┌──

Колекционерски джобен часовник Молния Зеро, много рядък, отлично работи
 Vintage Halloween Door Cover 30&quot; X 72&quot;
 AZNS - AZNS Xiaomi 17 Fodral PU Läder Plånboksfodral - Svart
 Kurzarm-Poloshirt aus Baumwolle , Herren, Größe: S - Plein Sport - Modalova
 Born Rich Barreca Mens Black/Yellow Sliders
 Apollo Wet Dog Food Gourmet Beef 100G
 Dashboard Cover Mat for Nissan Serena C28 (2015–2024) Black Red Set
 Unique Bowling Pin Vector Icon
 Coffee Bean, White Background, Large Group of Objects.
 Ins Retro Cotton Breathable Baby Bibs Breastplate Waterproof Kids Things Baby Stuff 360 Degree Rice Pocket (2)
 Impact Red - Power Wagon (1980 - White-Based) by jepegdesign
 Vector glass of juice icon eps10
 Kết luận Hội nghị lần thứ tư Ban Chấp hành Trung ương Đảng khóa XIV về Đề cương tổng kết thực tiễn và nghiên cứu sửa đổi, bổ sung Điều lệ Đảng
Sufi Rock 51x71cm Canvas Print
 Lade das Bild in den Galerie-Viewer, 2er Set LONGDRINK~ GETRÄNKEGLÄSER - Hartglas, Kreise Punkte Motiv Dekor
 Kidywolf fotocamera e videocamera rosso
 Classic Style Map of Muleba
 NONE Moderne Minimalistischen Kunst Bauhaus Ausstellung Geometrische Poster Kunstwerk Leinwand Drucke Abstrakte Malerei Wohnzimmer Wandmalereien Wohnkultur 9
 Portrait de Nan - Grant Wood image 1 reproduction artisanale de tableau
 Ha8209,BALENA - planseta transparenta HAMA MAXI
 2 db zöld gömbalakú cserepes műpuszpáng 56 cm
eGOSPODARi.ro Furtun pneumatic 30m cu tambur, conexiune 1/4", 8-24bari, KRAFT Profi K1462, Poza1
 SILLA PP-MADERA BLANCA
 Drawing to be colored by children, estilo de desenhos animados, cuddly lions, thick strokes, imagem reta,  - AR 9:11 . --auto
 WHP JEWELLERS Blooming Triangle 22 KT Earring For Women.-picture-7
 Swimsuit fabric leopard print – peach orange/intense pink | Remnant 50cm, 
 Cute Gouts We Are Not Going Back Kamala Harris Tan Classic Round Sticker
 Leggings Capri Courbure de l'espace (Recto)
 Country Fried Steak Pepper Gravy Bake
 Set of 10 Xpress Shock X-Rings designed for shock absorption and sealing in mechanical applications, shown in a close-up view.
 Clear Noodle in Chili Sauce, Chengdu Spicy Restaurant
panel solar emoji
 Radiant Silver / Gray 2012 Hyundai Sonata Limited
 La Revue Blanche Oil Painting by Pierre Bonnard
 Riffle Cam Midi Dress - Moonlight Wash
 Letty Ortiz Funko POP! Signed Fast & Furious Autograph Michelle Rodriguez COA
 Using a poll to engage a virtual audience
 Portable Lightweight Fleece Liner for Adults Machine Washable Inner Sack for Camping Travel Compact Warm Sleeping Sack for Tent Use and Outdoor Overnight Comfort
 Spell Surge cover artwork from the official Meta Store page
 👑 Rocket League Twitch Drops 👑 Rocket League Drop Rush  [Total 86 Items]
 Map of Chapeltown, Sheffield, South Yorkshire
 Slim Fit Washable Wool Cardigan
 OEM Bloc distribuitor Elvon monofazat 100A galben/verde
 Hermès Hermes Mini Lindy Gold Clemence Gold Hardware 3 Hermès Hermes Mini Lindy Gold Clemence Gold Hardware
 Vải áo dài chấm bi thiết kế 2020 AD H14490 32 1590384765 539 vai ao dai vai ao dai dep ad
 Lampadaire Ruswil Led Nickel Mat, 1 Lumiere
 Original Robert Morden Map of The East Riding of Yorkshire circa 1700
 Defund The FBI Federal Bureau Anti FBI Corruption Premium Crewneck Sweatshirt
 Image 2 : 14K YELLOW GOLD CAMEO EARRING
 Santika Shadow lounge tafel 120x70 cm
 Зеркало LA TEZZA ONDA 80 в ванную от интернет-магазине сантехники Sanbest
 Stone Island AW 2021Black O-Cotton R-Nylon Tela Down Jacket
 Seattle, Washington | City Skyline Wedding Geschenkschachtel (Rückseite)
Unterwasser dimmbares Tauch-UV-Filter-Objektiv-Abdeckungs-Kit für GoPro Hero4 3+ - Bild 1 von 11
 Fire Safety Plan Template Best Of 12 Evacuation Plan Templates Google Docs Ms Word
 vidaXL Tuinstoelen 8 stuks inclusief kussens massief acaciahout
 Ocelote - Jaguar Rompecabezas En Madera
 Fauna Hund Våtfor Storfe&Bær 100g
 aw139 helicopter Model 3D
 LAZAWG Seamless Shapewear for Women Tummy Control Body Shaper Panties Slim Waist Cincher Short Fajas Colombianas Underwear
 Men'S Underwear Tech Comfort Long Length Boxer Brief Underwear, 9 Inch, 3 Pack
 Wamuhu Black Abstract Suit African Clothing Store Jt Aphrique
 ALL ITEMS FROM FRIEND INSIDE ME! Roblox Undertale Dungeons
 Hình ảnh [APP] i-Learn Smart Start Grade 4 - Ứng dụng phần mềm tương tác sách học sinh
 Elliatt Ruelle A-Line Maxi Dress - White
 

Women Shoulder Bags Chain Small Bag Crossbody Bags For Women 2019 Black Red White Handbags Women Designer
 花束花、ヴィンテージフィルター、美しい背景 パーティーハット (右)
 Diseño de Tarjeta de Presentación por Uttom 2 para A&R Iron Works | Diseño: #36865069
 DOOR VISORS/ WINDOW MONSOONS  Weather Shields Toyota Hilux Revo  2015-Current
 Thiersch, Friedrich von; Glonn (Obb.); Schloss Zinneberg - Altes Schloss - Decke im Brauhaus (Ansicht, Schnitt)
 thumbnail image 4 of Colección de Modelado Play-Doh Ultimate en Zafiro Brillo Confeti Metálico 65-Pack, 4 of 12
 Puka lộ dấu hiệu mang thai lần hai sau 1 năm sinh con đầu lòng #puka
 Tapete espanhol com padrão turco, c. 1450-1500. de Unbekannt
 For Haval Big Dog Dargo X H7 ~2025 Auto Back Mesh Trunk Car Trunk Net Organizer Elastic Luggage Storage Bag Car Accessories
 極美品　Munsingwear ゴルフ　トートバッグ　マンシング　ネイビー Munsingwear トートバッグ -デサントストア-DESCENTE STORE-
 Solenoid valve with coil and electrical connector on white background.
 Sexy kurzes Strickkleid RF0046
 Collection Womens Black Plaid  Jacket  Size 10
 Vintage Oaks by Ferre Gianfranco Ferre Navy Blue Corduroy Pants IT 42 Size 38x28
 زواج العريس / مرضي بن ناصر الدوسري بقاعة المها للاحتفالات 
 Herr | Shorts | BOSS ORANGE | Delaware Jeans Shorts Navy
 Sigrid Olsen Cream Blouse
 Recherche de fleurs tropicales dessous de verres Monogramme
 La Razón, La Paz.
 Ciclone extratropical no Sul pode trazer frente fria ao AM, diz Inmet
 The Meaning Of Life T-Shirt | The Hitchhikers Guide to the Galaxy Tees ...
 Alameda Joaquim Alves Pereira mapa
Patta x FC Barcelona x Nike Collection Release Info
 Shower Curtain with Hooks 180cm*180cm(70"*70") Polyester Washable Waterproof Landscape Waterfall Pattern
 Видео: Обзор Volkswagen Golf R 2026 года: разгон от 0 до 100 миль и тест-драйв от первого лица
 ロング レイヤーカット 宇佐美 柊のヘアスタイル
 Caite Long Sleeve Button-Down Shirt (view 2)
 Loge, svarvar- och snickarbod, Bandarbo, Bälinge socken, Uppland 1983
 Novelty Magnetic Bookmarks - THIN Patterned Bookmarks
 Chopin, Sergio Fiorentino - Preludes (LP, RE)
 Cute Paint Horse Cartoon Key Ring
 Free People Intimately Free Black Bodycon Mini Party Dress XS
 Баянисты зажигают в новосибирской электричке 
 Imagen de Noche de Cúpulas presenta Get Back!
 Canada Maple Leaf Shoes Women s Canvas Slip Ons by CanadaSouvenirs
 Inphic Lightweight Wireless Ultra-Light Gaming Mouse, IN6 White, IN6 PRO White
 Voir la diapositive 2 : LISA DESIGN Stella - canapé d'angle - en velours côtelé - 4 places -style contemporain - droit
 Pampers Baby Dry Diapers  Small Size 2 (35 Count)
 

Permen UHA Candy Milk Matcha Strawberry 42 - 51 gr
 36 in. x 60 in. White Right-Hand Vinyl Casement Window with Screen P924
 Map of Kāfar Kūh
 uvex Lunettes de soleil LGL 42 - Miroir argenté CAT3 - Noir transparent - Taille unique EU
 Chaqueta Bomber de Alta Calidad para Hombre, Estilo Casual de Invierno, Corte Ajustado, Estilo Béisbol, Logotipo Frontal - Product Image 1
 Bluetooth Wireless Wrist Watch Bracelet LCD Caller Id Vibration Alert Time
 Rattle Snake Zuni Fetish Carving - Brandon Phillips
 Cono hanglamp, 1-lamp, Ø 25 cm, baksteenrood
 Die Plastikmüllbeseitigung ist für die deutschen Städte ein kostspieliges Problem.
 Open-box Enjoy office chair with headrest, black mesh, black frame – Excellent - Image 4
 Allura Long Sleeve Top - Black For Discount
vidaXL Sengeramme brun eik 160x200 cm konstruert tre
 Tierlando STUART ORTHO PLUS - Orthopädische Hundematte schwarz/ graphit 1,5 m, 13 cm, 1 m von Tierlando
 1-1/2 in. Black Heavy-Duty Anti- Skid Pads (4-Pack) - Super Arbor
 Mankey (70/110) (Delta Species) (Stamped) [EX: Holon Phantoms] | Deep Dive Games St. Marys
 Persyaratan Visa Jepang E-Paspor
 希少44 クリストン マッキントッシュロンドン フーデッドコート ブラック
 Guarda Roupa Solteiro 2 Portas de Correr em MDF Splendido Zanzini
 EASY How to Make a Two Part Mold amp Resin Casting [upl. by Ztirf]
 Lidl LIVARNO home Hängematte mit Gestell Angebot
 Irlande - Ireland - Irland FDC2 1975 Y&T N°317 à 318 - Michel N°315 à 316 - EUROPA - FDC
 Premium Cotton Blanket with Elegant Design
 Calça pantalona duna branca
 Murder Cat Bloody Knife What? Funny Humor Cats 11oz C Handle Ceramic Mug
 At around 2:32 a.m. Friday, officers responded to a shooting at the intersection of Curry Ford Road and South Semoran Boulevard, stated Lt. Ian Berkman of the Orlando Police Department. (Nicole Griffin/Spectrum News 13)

└──

[TASK DIRECTIONS] Beginning with the first line of the records above, reproduce each line exactly, ending at the line that contains "eGOSPODARi.ro Furtun pneumatic", and leave out everything else.

[FINAL ANSWER]
Колекционерски джобен часовник Молния Зеро, много рядък, отлично работи
 Vintage Halloween Door Cover 30&quot; X 72&quot;
 AZNS - AZNS Xiaomi 17 Fodral PU Läder Plånboksfodral - Svart
 Kurzarm-Poloshirt aus Baumwolle , Herren, Größe: S - Plein Sport - Modalova
 Born Rich Barreca Mens Black/Yellow Sliders
 Apollo Wet Dog Food Gourmet Beef 100G
 Dashboard Cover Mat for Nissan Serena C28 (2015–2024) Black Red Set
 Unique Bowling Pin Vector Icon
 Coffee Bean, White Background, Large Group of Objects.
 Ins Retro Cotton Breathable Baby Bibs Breastplate Waterproof Kids Things Baby Stuff 360 Degree Rice Pocket (2)
 Impact Red - Power Wagon (1980 - White-Based) by jepegdesign
 Vector glass of juice icon eps10
 Kết luận Hội nghị lần thứ tư Ban Chấp hành Trung ương Đảng khóa XIV về Đề cương tổng kết thực tiễn và nghiên cứu sửa đổi, bổ sung Điều lệ Đảng
Sufi Rock 51x71cm Canvas Print
 Lade das Bild in den Galerie-Viewer, 2er Set LONGDRINK~ GETRÄNKEGLÄSER - Hartglas, Kreise Punkte Motiv Dekor
 Kidywolf fotocamera e videocamera rosso
 Classic Style Map of Muleba
 NONE Moderne Minimalistischen Kunst Bauhaus Ausstellung Geometrische Poster Kunstwerk Leinwand Drucke Abstrakte Malerei Wohnzimmer Wandmalereien Wohnkultur 9
 Portrait de Nan - Grant Wood image 1 reproduction artisanale de tableau
 Ha8209,BALENA - planseta transparenta HAMA MAXI
 2 db zöld gömbalakú cserepes műpuszpáng 56 cm
eGOSPODARi.ro Furtun pneumatic 30m cu tambur, conexiune 1/4", 8-24bari, KRAFT Profi K1462, Poza1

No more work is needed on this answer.